■ Your goal ■
Retype the entries below exactly, dropping the images.

■ Record excerpts ■

= Beginning of Section =

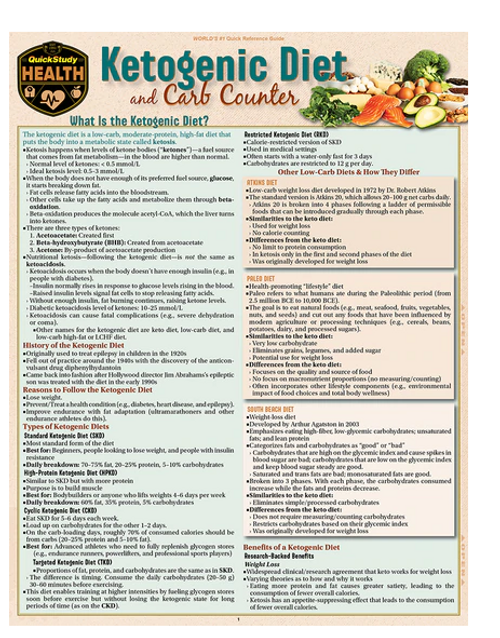 QuickStudy® Reference Guide, Ketogenic Diet & Carb Counter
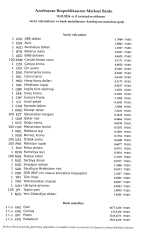 Rubl və avro manata qarşı ucuzlaşıb - VALYUTA MƏZƏNNƏLƏRİ | FED.az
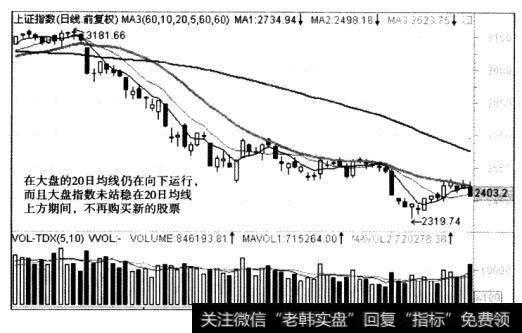 大盘指数处于主要均线下方且主要均线仍在向下运行时，我们一般就不应该再购买新的股票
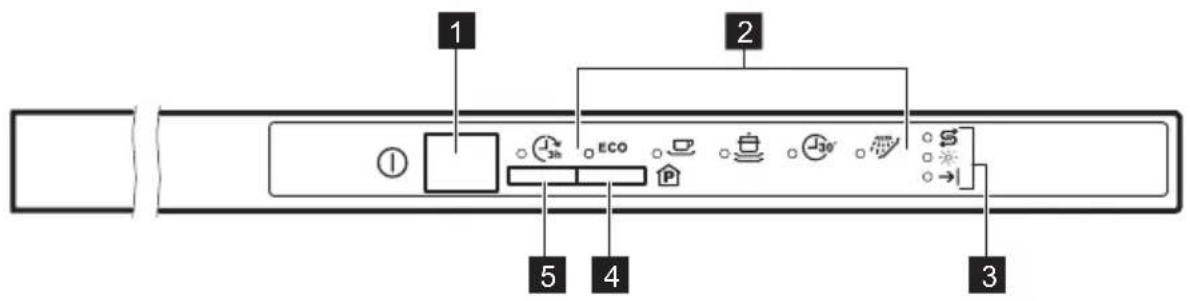 1 2 ① ECO 30° 5 4 3
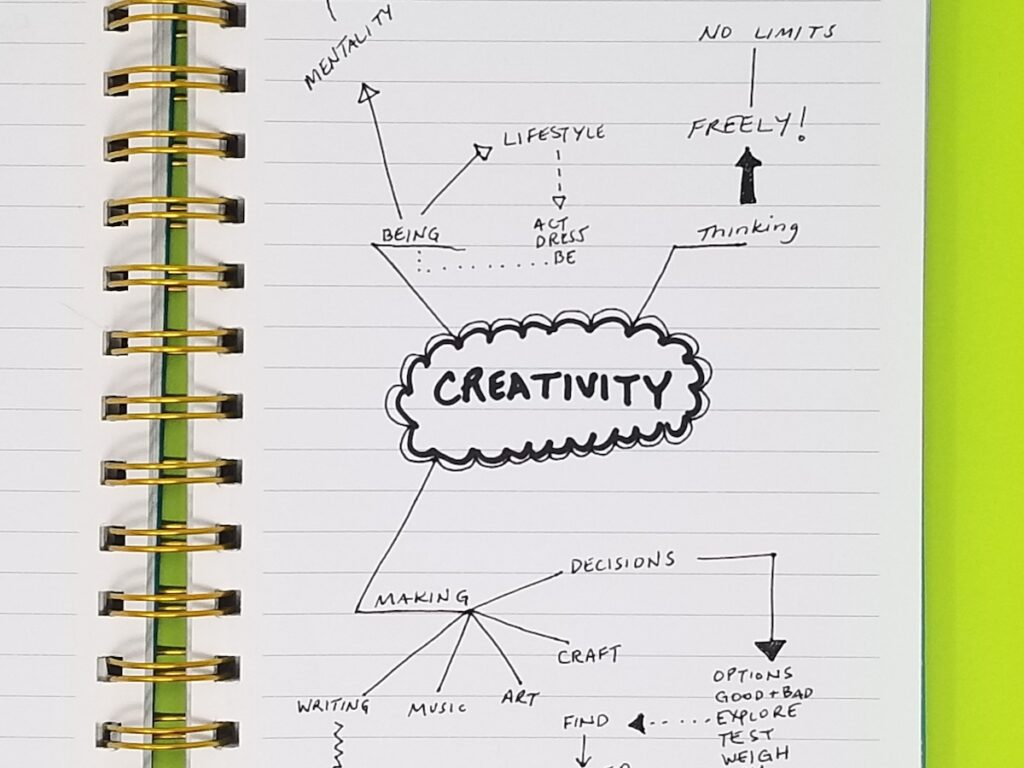 notebook with creativity doodle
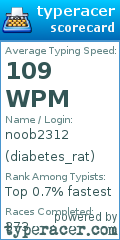 Scorecard for user diabetes_rat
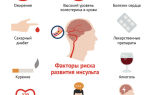 Болит левая часть головы: 35 причин что это может быть, что делать и как лечить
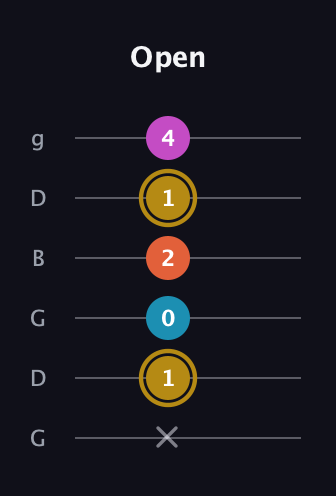 D♯ Augmented 7th Flat 13th guitar tab — Open (x 1 0 2 1 4) in Open E Tuning (EBEG♯BE) · Capo 3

= End of Section =

■ Answer to this exercise ■
 QuickStudy® Reference Guide, Ketogenic Diet & Carb Counter
 Rubl və avro manata qarşı ucuzlaşıb - VALYUTA MƏZƏNNƏLƏRİ | FED.az
 大盘指数处于主要均线下方且主要均线仍在向下运行时，我们一般就不应该再购买新的股票
 1 2 ① ECO 30° 5 4 3
 notebook with creativity doodle
 Scorecard for user diabetes_rat
 Болит левая часть головы: 35 причин что это может быть, что делать и как лечить
 D♯ Augmented 7th Flat 13th guitar tab — Open (x 1 0 2 1 4) in Open E Tuning (EBEG♯BE) · Capo 3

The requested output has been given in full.